#### [PROBLEM REQUIREMENTS]
From the data that follows, print exactly the lines starting at the one containing "ремені - 21" and ending at the one containing "1st image of 3713 Parkwood Cir"; include both of them and nothing more.

#### [INFORMATION]
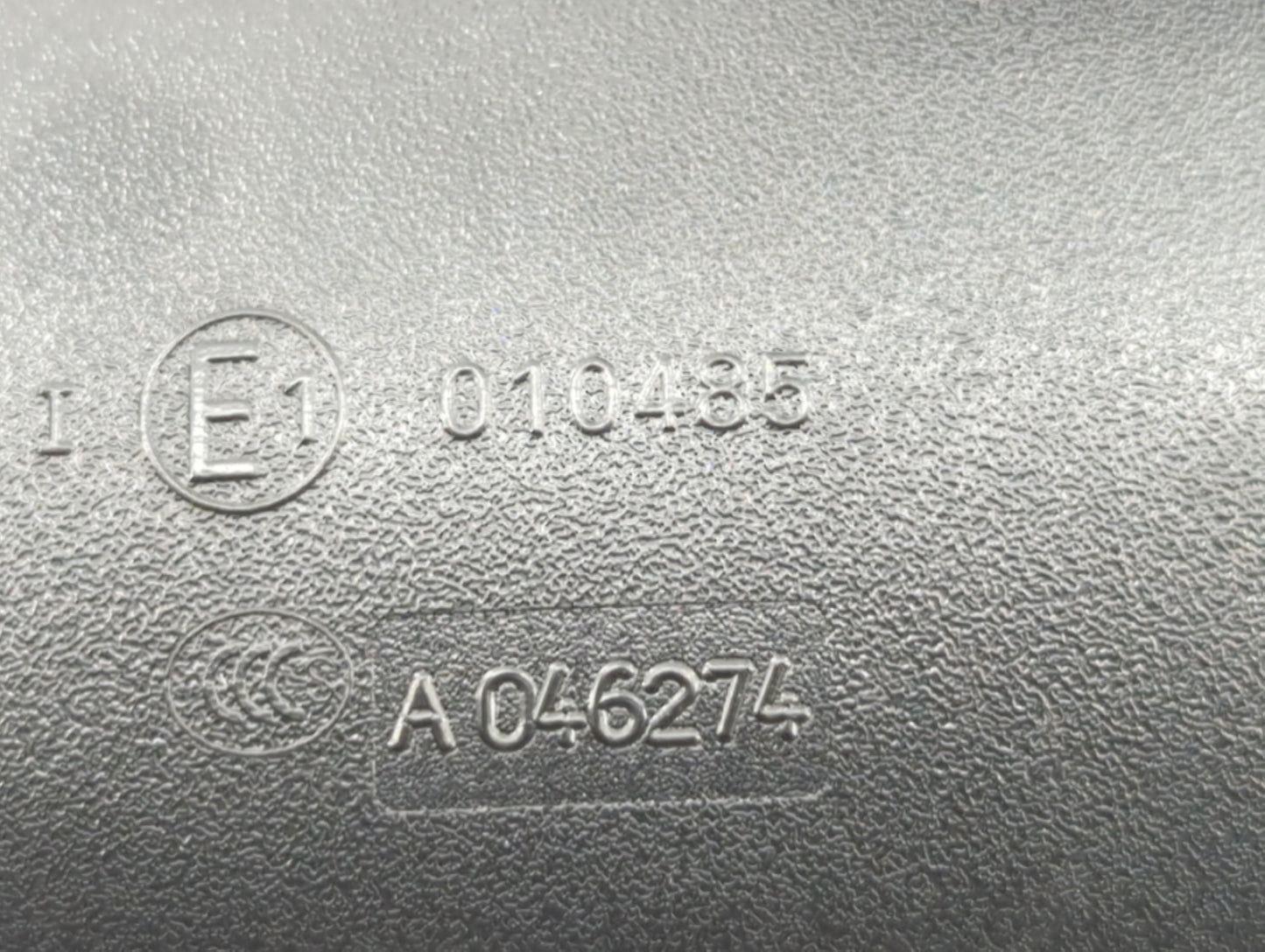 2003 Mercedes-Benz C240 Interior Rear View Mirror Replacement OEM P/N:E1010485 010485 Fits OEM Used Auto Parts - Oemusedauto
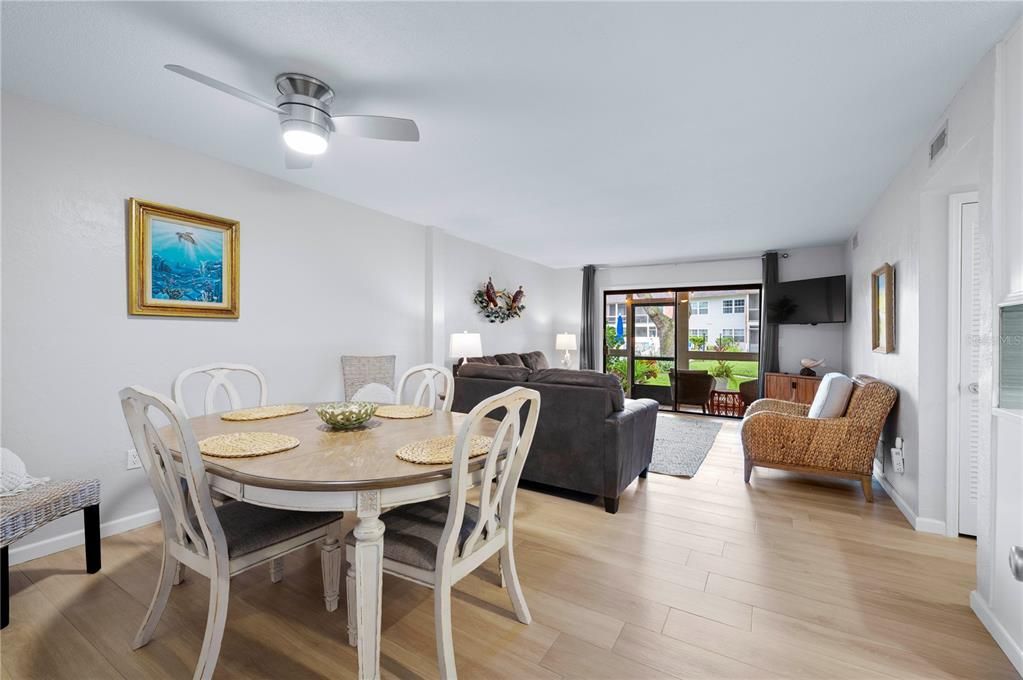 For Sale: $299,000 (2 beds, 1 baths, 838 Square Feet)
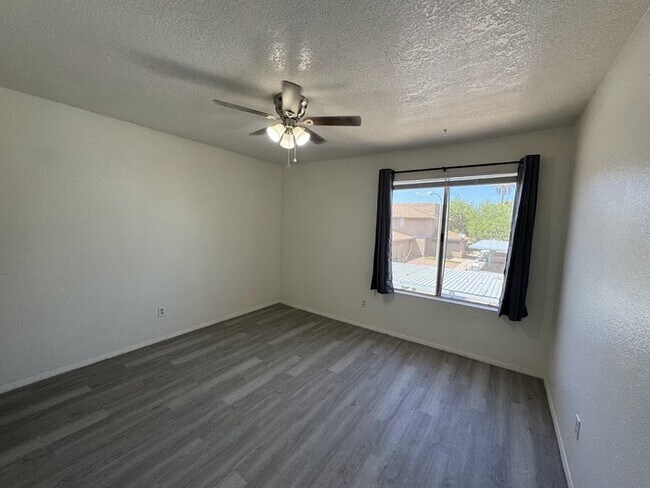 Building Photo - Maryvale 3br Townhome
--
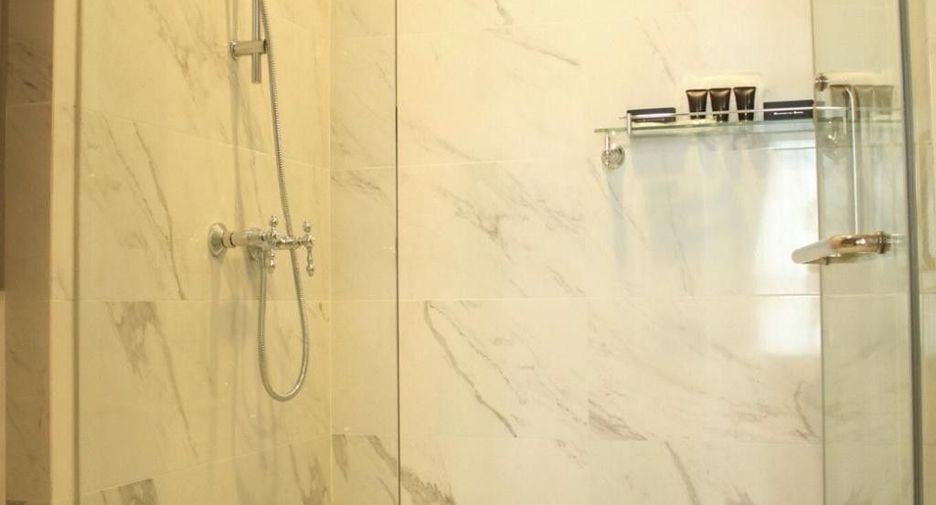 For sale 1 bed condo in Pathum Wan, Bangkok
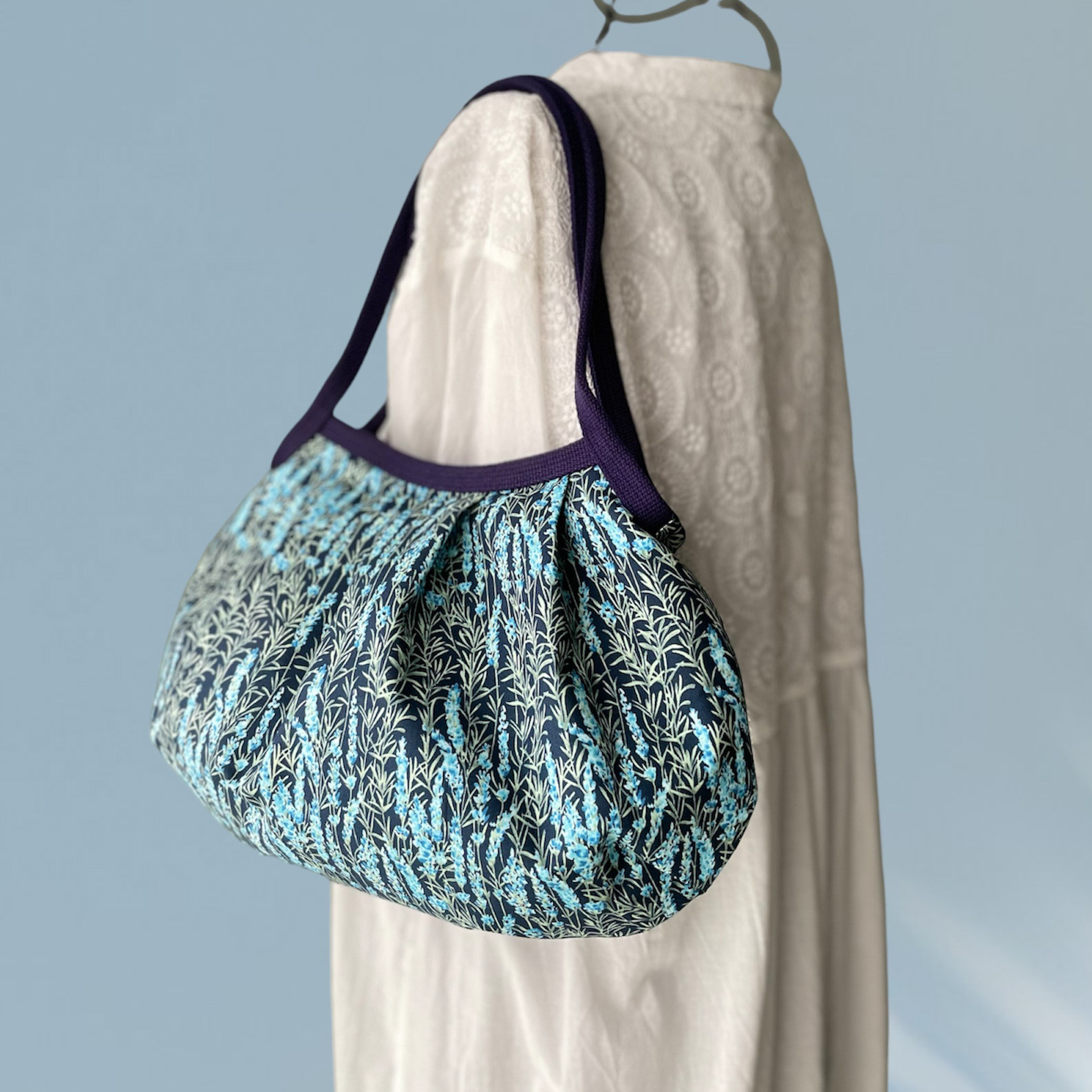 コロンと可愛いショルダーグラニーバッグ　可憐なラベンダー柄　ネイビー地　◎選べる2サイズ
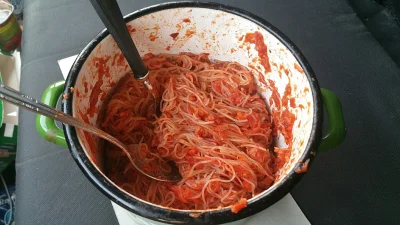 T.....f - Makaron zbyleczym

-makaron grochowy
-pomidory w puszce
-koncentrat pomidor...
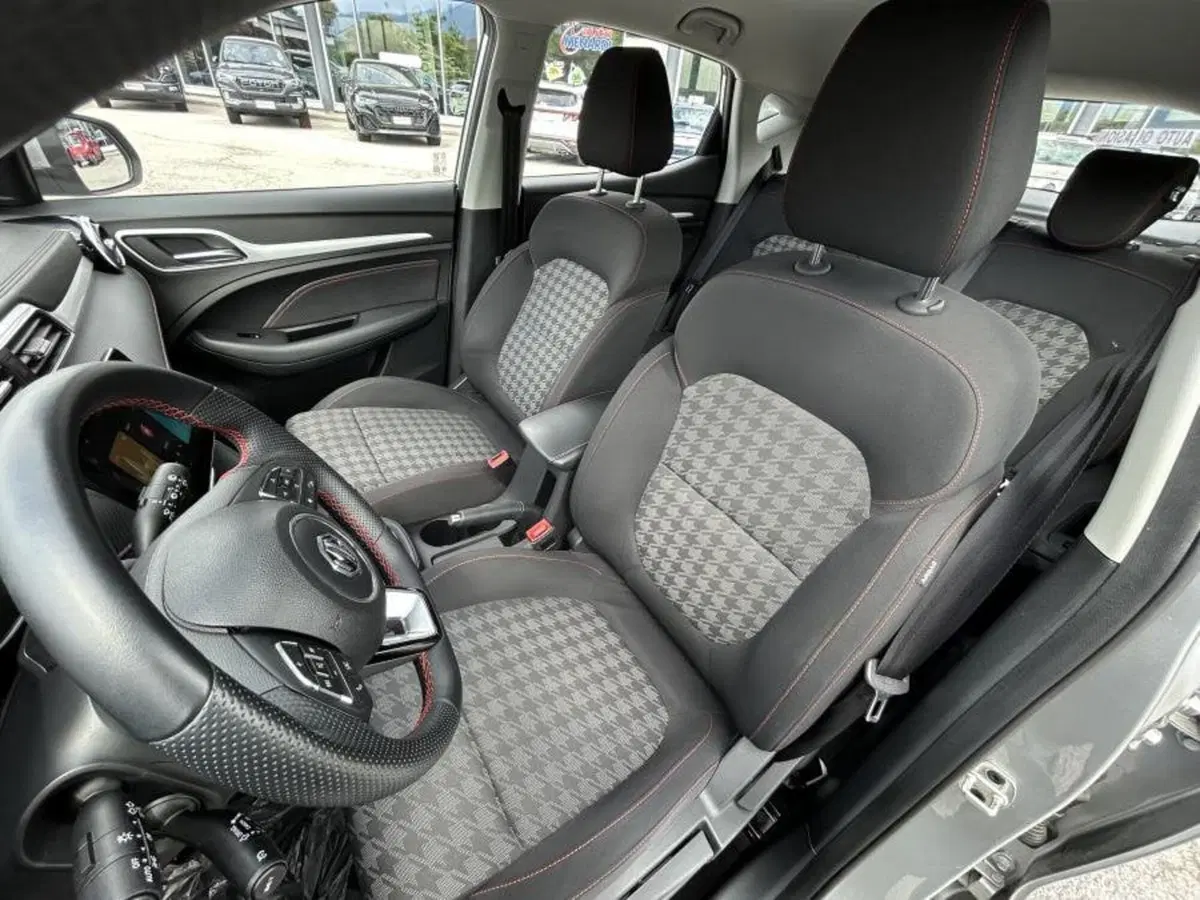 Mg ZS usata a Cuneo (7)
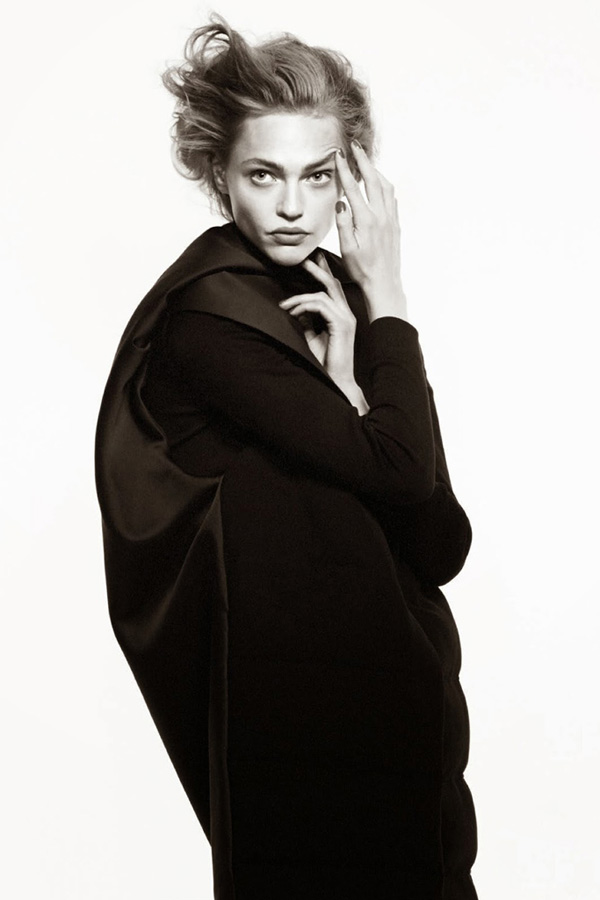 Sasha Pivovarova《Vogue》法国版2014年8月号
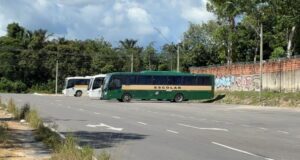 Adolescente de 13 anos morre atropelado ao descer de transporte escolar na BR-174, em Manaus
...
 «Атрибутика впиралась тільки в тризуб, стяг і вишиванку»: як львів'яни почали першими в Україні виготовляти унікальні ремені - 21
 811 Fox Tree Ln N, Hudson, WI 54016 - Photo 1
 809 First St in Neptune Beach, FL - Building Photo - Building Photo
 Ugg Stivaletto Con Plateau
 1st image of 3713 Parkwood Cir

#### [OUTPUT OF THE EXERCISE]
 «Атрибутика впиралась тільки в тризуб, стяг і вишиванку»: як львів'яни почали першими в Україні виготовляти унікальні ремені - 21
 811 Fox Tree Ln N, Hudson, WI 54016 - Photo 1
 809 First St in Neptune Beach, FL - Building Photo - Building Photo
 Ugg Stivaletto Con Plateau
 1st image of 3713 Parkwood Cir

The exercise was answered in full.